───── Source material ─────

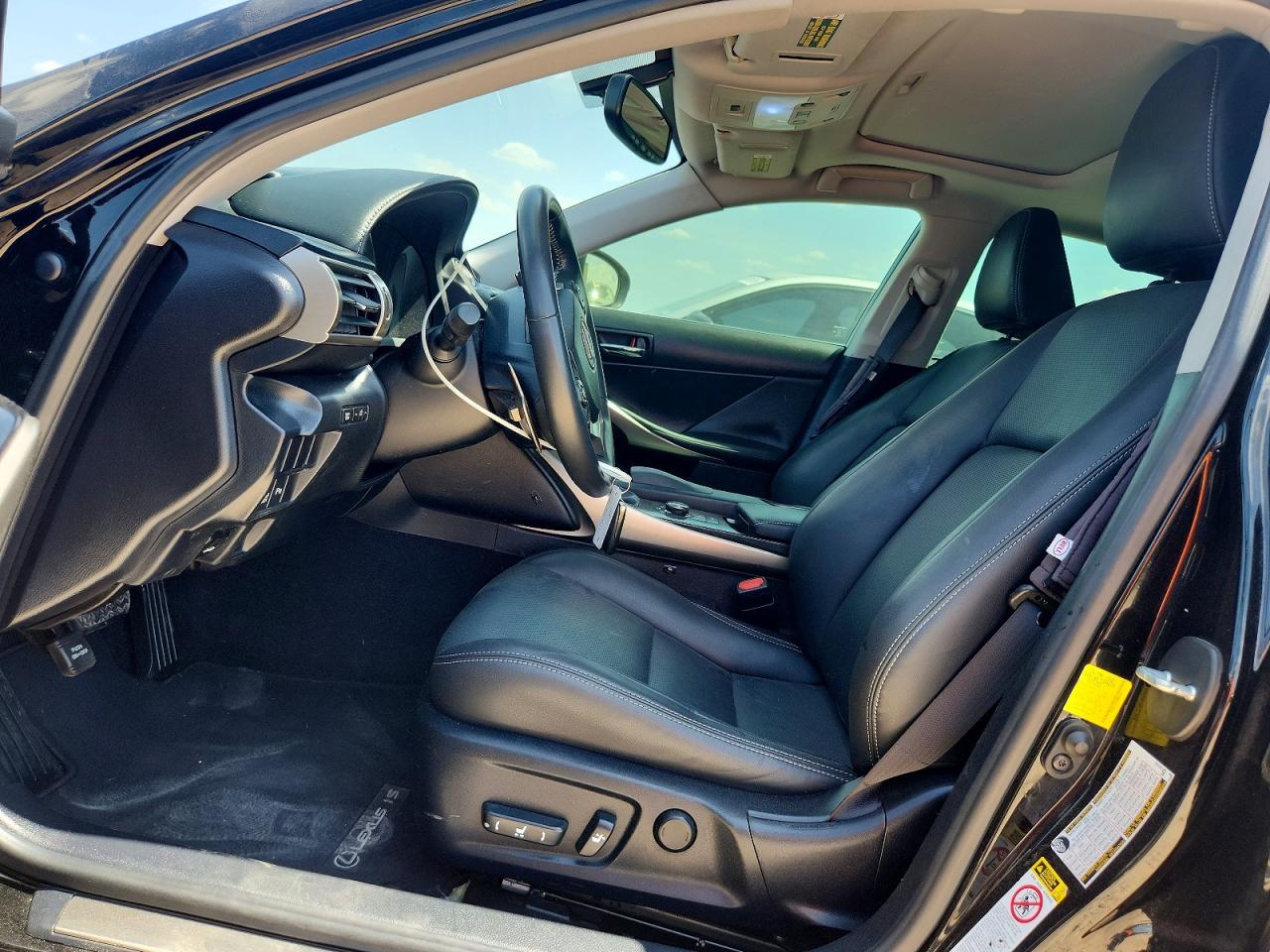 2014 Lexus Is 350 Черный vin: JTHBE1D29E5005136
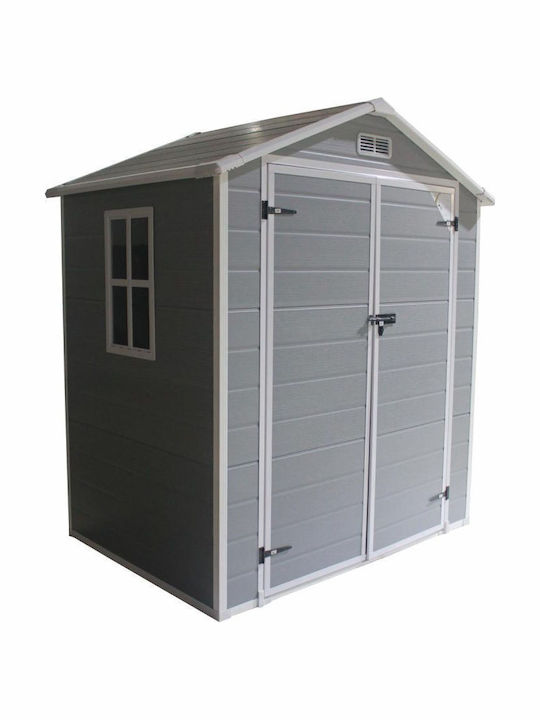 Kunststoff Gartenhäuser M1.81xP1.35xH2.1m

─────
───── Source material ─────

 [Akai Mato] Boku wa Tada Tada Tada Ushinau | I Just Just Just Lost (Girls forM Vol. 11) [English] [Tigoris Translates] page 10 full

─────

How to complete this task
When you reach the line with "2014 Lexus Is" in the records above, begin repeating the lines exactly, and stop after the line with "Kunststoff Gartenhäuser M1.81xP1.35xH2.1m". Skip all pictures.

Solution to this exercise
 2014 Lexus Is 350 Черный vin: JTHBE1D29E5005136
 Kunststoff Gartenhäuser M1.81xP1.35xH2.1m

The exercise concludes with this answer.